I agree! That could be a very nice feature. I will consider adding it in the future. In the meantime, PRs are welcome on this.

jsvine avatar Apr 08 '20 01:04 jsvine

@greddyatpt 解决了没有

andlike avatar Jul 13 '20 02:07 andlike

Sorry, I deal with Chinese PDFs but don't know Chinese. Google says 解决了没有 means "Solved". Are you saying the feature is implemented?

ghost avatar Jul 13 '20 04:07 ghost

抱歉,我处理中文PDF但不懂中文。Google说解决了没有的意思是“已解决”。您是说该功能已实现吗?

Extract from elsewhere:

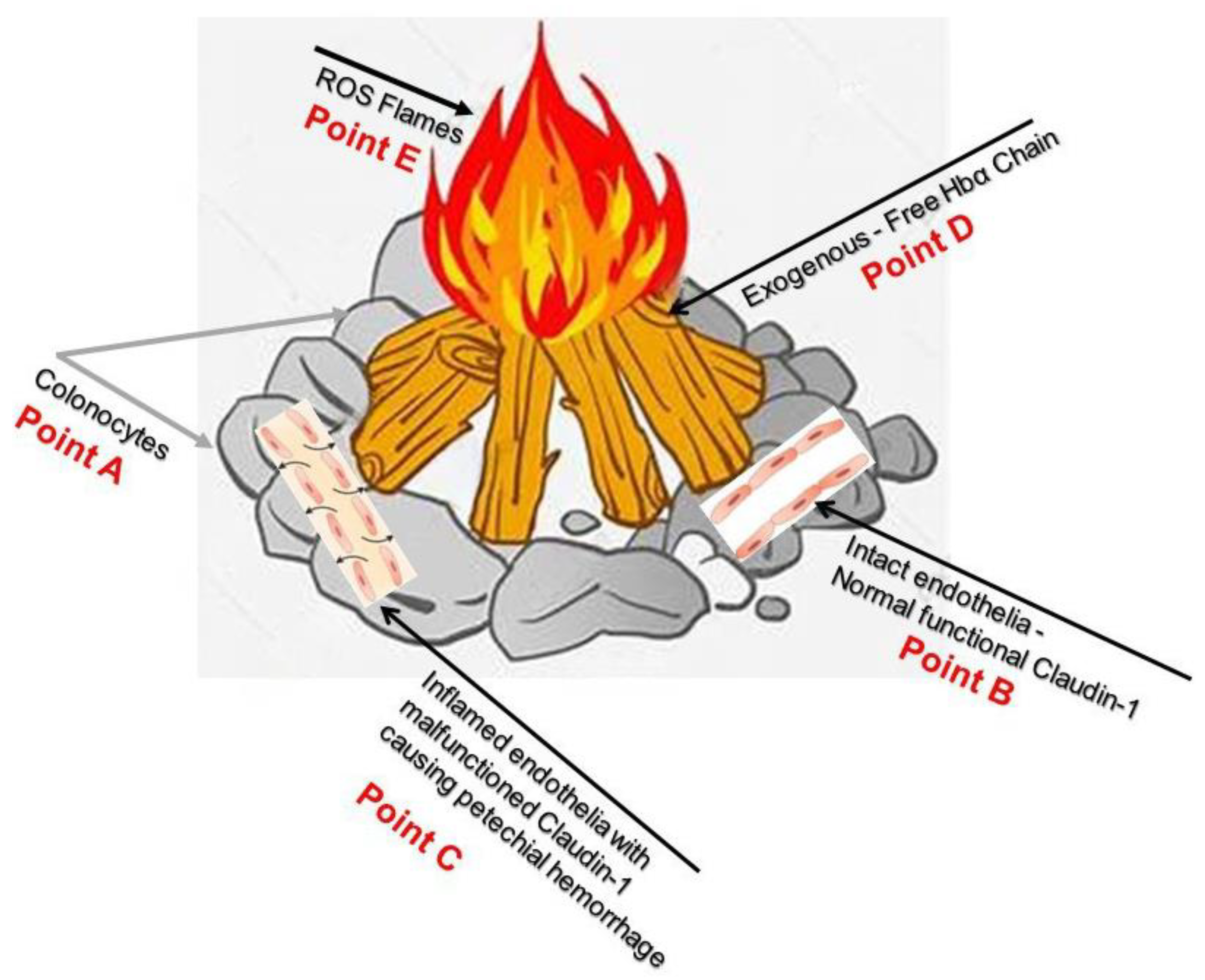 Medicina 59 01254 g008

Have you implemented this function? Make the text extracted from the table contain the following information: text、fontname 、size、adv 、upright 、height 、width 、x0、x1、 y0 、y1、top 、bottom、doctop 、object_type

zhushiyuan-star avatar Mar 31 '21 09:03 zhushiyuan-star

Sorry, I deal with Chinese PDFs but don't know Chinese. Google says 解决了没有 means "Solved". Are you saying the feature is implemented?

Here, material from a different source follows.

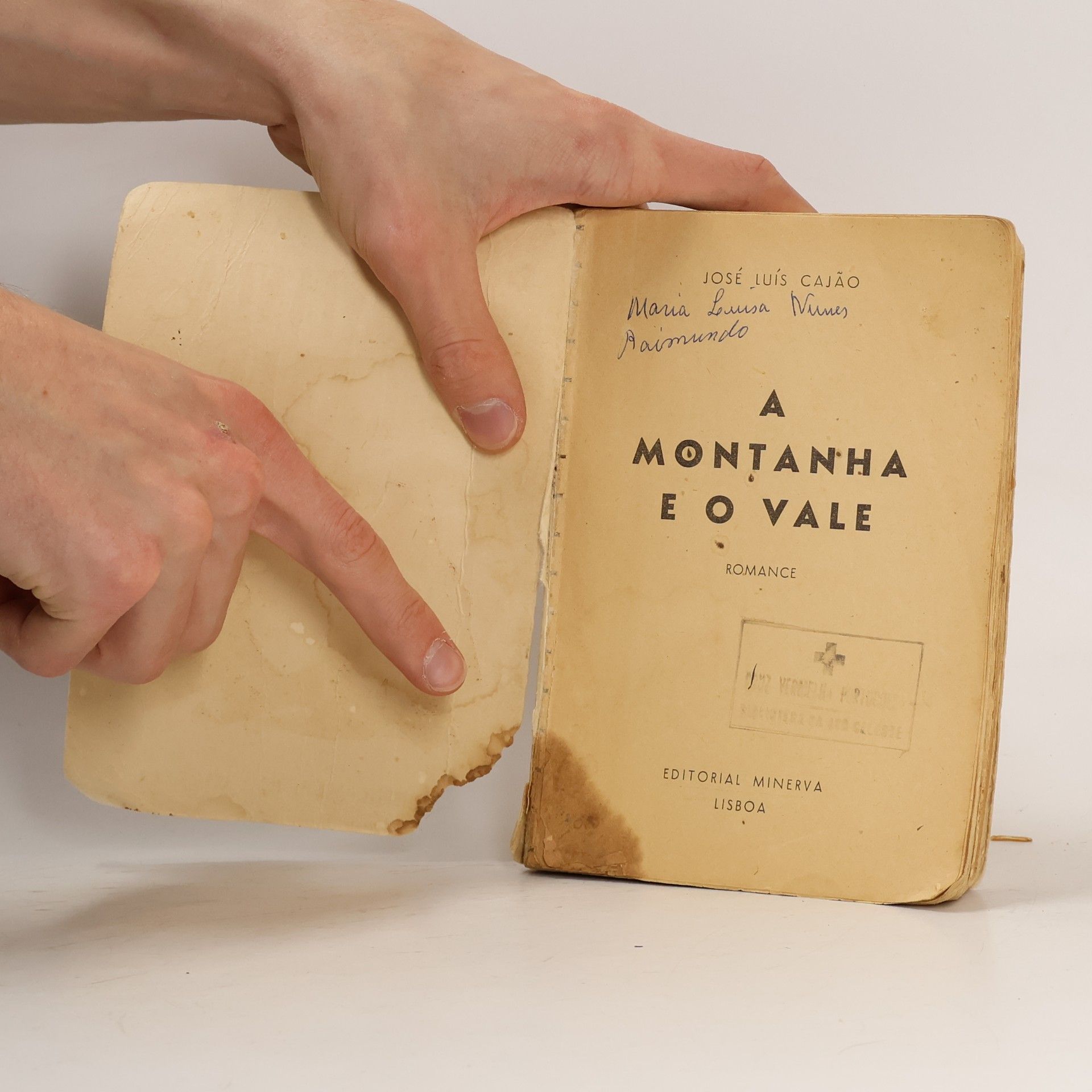 José Luís Cajão A montanha e o vale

“解决了没有” = "解决了没有?" = “Has this feature been implemented?”

wind-chh avatar Apr 01 '21 00:04 wind-chh

抱歉,我处理中文PDF但不懂中文。Google说解决了没有的意思是“已解决”。您是说该功能已实现吗?

Have you implemented this function? Make the text extracted from the table contain the following information: text、fontname 、size、adv 、upright 、height 、width 、x0、x1、 y0 、y1、top 、bottom、doctop 、object_type

these informations (text, fontname, size, ...) associated with chars of page. Page.extract_table() returns only text information, you can make a slight modify to return chars which contains all these informations.

wind-chh avatar Apr 01 '21 00:04 wind-chh